● TRY IT
Give the listing below again exactly, but without any of its pictures.

------------------------------

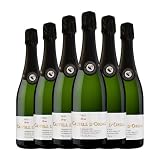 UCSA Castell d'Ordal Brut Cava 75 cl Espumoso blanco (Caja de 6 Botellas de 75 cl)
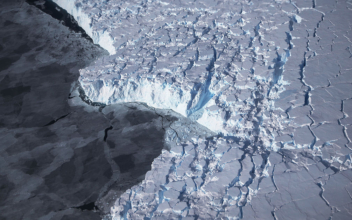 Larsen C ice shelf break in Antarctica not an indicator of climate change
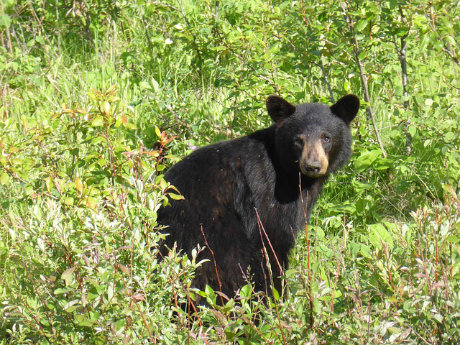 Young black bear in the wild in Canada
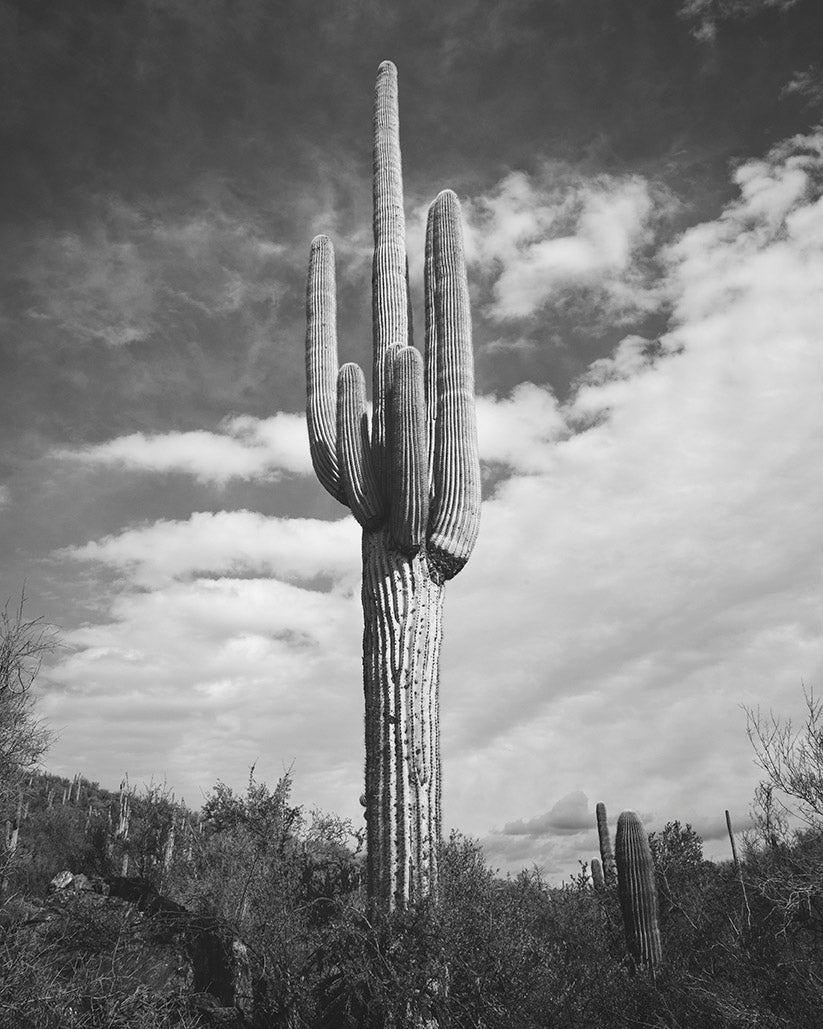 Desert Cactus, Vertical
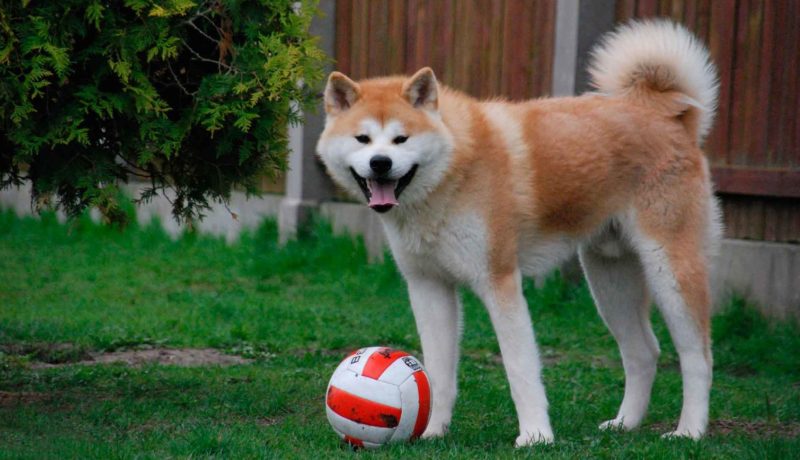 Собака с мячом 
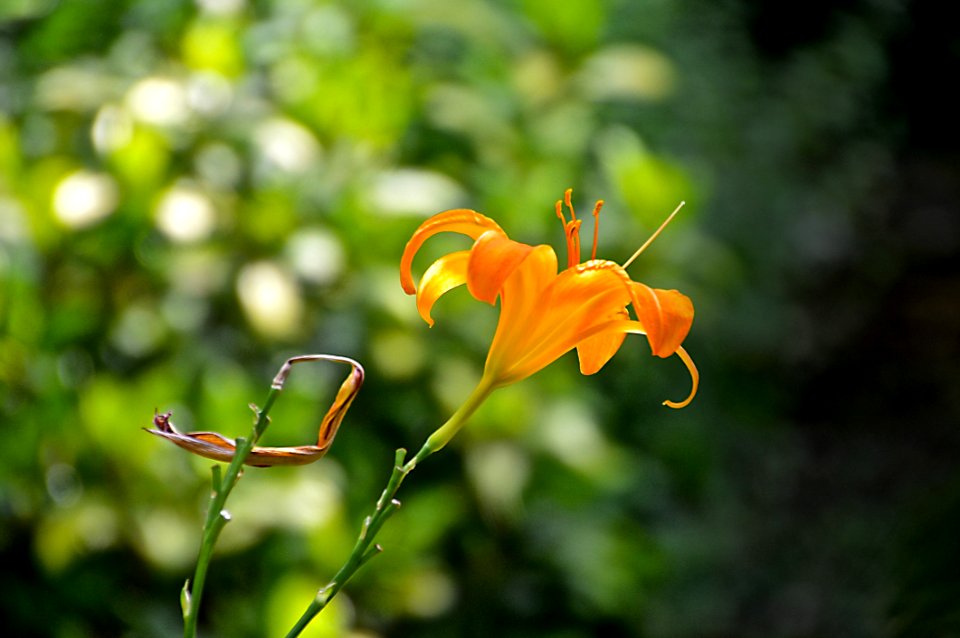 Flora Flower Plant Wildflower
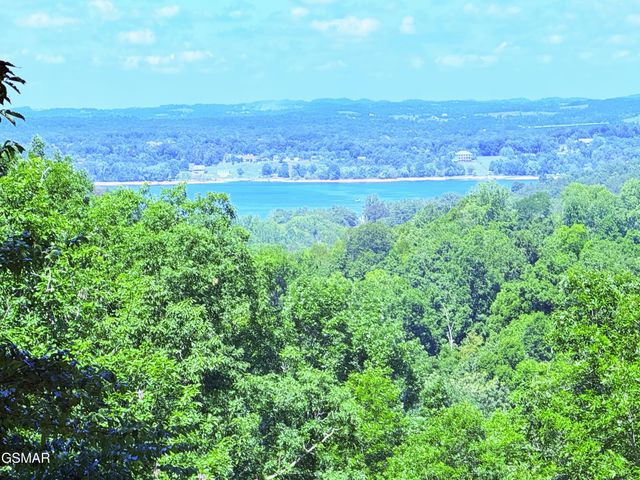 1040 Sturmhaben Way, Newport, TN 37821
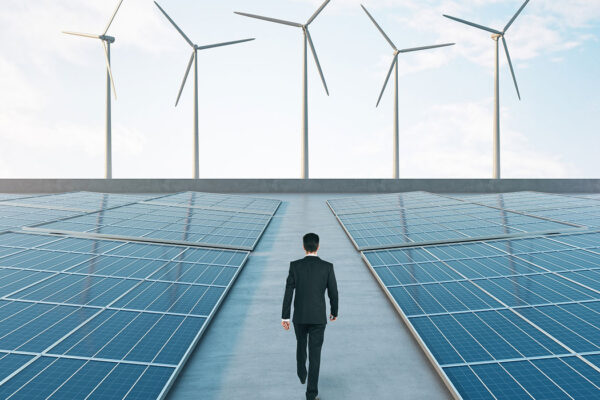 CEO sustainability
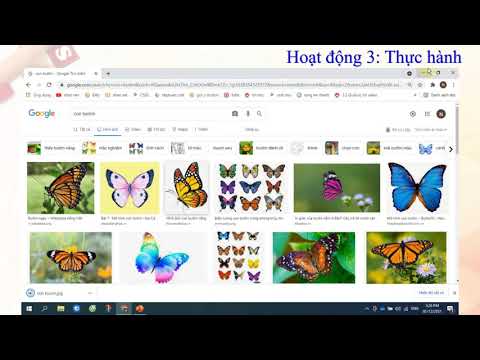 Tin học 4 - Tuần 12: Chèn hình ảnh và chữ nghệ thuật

------------------------------

● FINAL ANSWER
 UCSA Castell d'Ordal Brut Cava 75 cl Espumoso blanco (Caja de 6 Botellas de 75 cl)
 Larsen C ice shelf break in Antarctica not an indicator of climate change
 Young black bear in the wild in Canada
 Desert Cactus, Vertical
 Собака с мячом 
 Flora Flower Plant Wildflower
 1040 Sturmhaben Way, Newport, TN 37821
 CEO sustainability
 Tin học 4 - Tuần 12: Chèn hình ảnh và chữ nghệ thuật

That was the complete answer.